Using a scanning electron microscope (SEM) sustainably
Roya Akhavan: Key phrases such as resource usage have already been mentioned, but how can a scanning electron microscope (SEM) itself be made more sustainable?
Sebastian Kilchert: A microscope has various impacts on the environment. During its usage, power consumption has a major influence. When it comes to efficient resource usage, that is, manufacturing and material consumption, we can approach it from different angles. At the end of its life cycle, we have other options in the form of different types of refurbishment or recycling.
Elke Haustein: We have been working on improving our environmental impact through many little steps for decades now. Our biggest levers are suppliers and logistics: Where are suppliers based? How are devices packaged? How are they conveyed? It is also important that we look at our own products: How easily separable are the components? How recyclable are our devices? The entire project team is answering these questions. They are the type that cannot be answered by a single person alone or even by a development team just by itself.
Roya Akhavan: The way this pioneering project is developing is exciting. What have been some key milestones? Where is the project at currently and what can we still expect from it?
Sebastian Kilchert: First, we examined the existing system and assessed its sustainability through a life cycle analysis. This information then went into many aspects of product development, which we are now looking at in detail.
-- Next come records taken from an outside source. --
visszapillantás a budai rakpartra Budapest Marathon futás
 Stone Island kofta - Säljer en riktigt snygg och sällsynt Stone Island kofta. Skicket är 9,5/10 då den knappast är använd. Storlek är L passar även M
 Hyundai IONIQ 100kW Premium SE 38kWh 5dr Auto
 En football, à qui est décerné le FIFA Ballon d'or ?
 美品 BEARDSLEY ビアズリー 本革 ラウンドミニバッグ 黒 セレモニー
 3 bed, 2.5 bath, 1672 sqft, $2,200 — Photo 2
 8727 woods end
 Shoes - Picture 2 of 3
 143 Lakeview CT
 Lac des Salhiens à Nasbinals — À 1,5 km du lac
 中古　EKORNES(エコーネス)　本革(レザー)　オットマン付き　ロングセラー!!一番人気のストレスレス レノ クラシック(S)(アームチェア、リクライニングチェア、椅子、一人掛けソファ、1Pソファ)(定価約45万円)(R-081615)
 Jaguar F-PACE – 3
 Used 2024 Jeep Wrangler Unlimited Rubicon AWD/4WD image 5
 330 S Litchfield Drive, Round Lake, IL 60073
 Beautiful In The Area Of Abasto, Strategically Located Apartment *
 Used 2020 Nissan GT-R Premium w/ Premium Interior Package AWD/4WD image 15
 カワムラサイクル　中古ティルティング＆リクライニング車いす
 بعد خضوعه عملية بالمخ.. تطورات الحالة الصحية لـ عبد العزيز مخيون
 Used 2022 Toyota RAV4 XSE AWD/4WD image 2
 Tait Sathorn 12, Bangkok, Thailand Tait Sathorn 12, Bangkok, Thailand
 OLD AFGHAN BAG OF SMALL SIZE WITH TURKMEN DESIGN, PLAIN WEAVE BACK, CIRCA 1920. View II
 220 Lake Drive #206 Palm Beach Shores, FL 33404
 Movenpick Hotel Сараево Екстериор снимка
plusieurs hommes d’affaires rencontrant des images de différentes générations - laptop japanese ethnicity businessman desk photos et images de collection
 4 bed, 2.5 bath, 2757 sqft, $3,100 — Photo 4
Our next step is to think about the parts that we can actually keep and incorporate when we consider further aspects.
Frank Balle: We have started a major task with the benchmarking for the current system in particular. We now also have a few approaches for packaging and clothing, things that we can easily modify without putting the functionality of the electron microscope at risk. There is quite a bit that we have achieved together, and there is still much to come.
Elke Haustein: We are about to finish predevelopment in the second half of the year, which in this case means the technical feasibility assessment. After that, we will transition to the main development stage. We will use the findings that we have obtained together to keep working continuously on sustainability and create ideas for other projects. This is already partly happening since the awareness surrounding sustainability has also grown within other projects. We are currently taking the first steps together on a very long journey.
Partnership between research and industry.
Roya Akhavan: We are achieving everything that has been mentioned here through a fruitful partnership between research and industry. What makes you think that we have the right project partners on board and what do you think of our future together?
Frank Balle: The considerate, candid, and constructive dialog in the project team and the shared desire to change things. It makes for a fun experience. I believe that we will achieve great things together with the spirit of this project.
Sebastian Kilchert: Sustainable development entails a transformation of the entire economy. I think that the people at ZEISS are aware of this. We want to take action and, in conjunction with ZEISS, be pioneers in technological sustainability.
Elke Haustein: Something else that is particularly nice is that our managers are keenly interested and fully have our backs. This gives us the power to set things in motion and put them into practice, and that makes me feel optimistic. It is not just a short-term trend. Instead, we can establish sustainability for the long-term.
Roya Akhavan: Thank you for these positive closing words and the initial insights into the exciting project. It is fantastic being part of it.